Catholic bishops in Eire may be planning ‘priestless parishes’

The Catholic bishops are drawing up radical new plans for parishes to hold Sunday services led by laypeople as more-and-more communities are set to be left without a priest for the first time. The problem will also become acute as larger parishes used to having several priests are being left with only one priest to serve several churches.

As the number of priests continues to decline and faced with an increasingly older age profile, Church leaders are being forced to take radical action that just a few years ago would have seemed unthinkable.

Sources have confirmed to The Irish Catholic that the matter is to be discussed at a meeting of the hierarchy in Maynooth in October. A ‘discussion document’ will be circulated to senior Church leaders in coming weeks which will set our plans for what parishioners can do when there is no priest to say Mass. Laypeople will be expected to take a lead role. However, married deacons, eight of whom have already been ordained, will also co-ordinate liturgies in the absence of a priest.

It comes as it has emerged that Archbishop of Dublin Dr Diarmuid Martin did not give his permission for a nun to lead a communion service in a Co. Wicklow parish at the weekend.

According to listeners to Liveline on RTÉ Radio One, parishioners turned up as usual for Sunday evening Mass in Blessington. However, when no priest turned up, a religious sister who was present led a liturgy, preached a homily and distributed Holy Communion to those present.

A spokeswoman for Archbishop Martin told The Irish Catholic the liturgy in Blessington was “unprecedented” and described it as a “one off event”.

She confirmed that, for Sunday celebrations to take place in the absence of a priest, the explicit permission of the archbishop ought to have been sought.

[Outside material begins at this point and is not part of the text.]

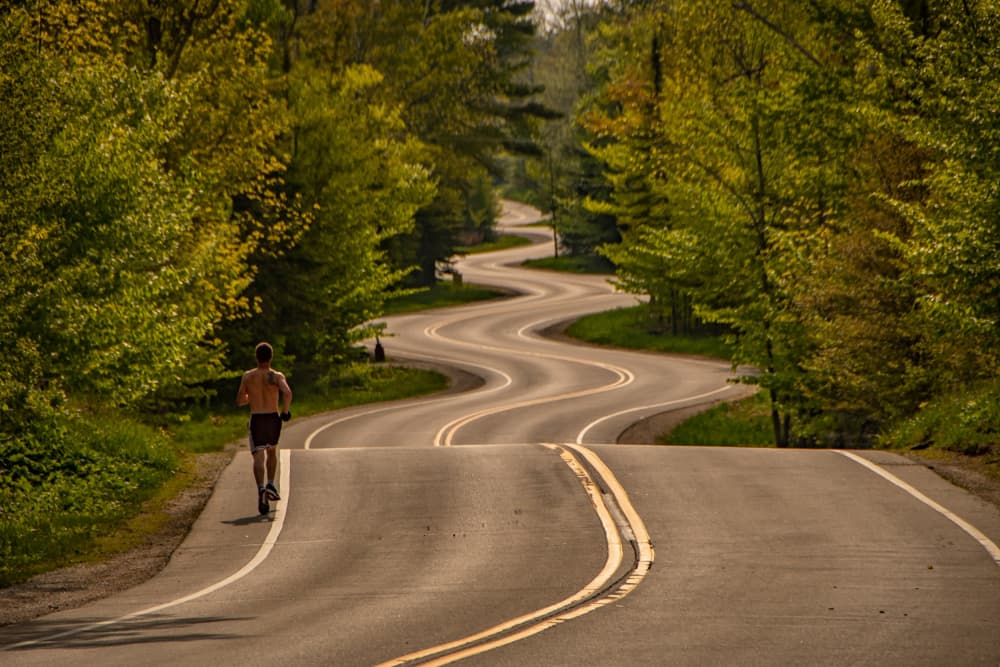 Runner Winding Forest Road by Marek Lapa — canvas wall art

Such services are commonplace in parts of continental Europe where the vocations crisis has left many parishes without priests. However, Church leaders in Ireland have been reluctant to resort to the plan seeing it as a last resort.

It is understood the bishops are keen that the term ‘communion service’ is not used to avoid confusion among parishioners who may think they are attending Mass.

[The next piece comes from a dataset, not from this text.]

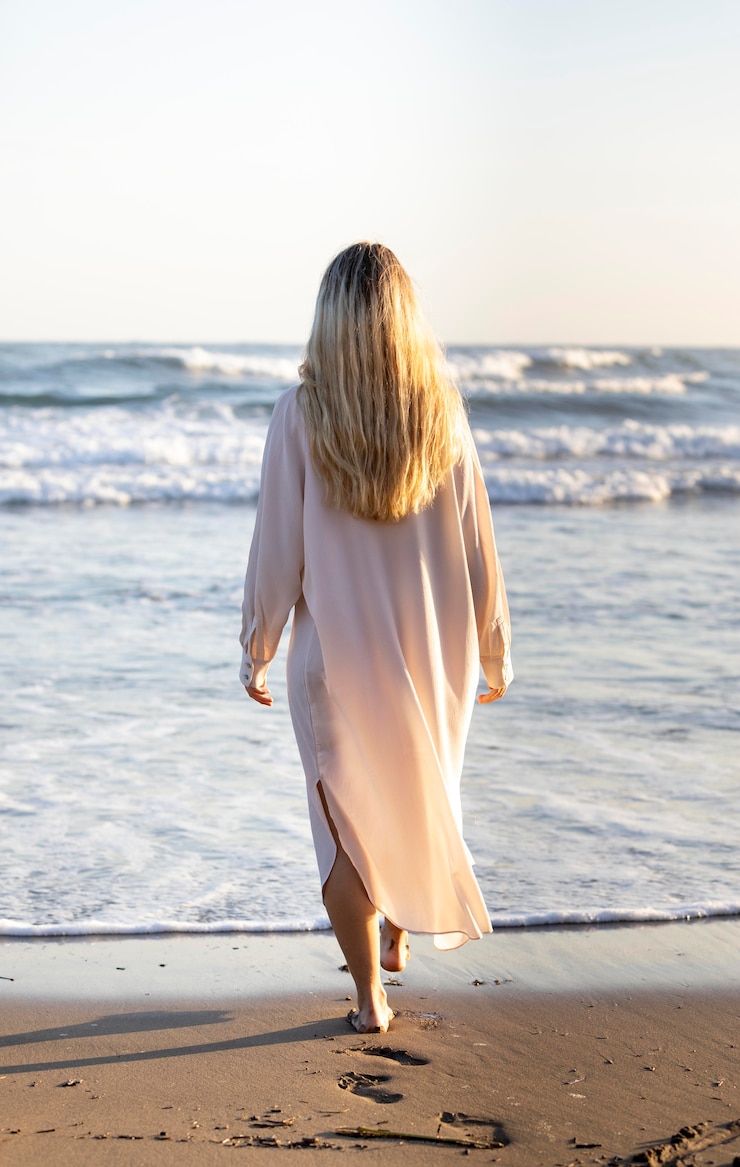 Free Photo full shot woman at the beach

It will also be made clear that such services should only happen in exceptional circumstances where there is no possibility of getting a priest. While the hierarchy will make provision for services with Communion on a Sunday, it is understood that weekday celebrations with the distribution of Holy Communion will not be sanctioned. Instead, parishioners will be trained to lead services with readings from the scriptures.

Church leaders are increasingly faced with the dilemma of what to do when there is no priest to celebrate Mass. The average age of priests in Irish parishes is 64 and as scores of priests retire each year just a handful of newly-ordained men are available to take their place. It’s a far cry from the 1960s and 1970s when a newly-ordained Irish priest would have to spend the first few years of his priesthood abroad, having no hope of securing a scarce vacancy at home.

The Irish bishops would have to apply to the Vatican for the plans to be approved, something that the Holy See has already done for several other countries including France, Belgium, the United States and Australia.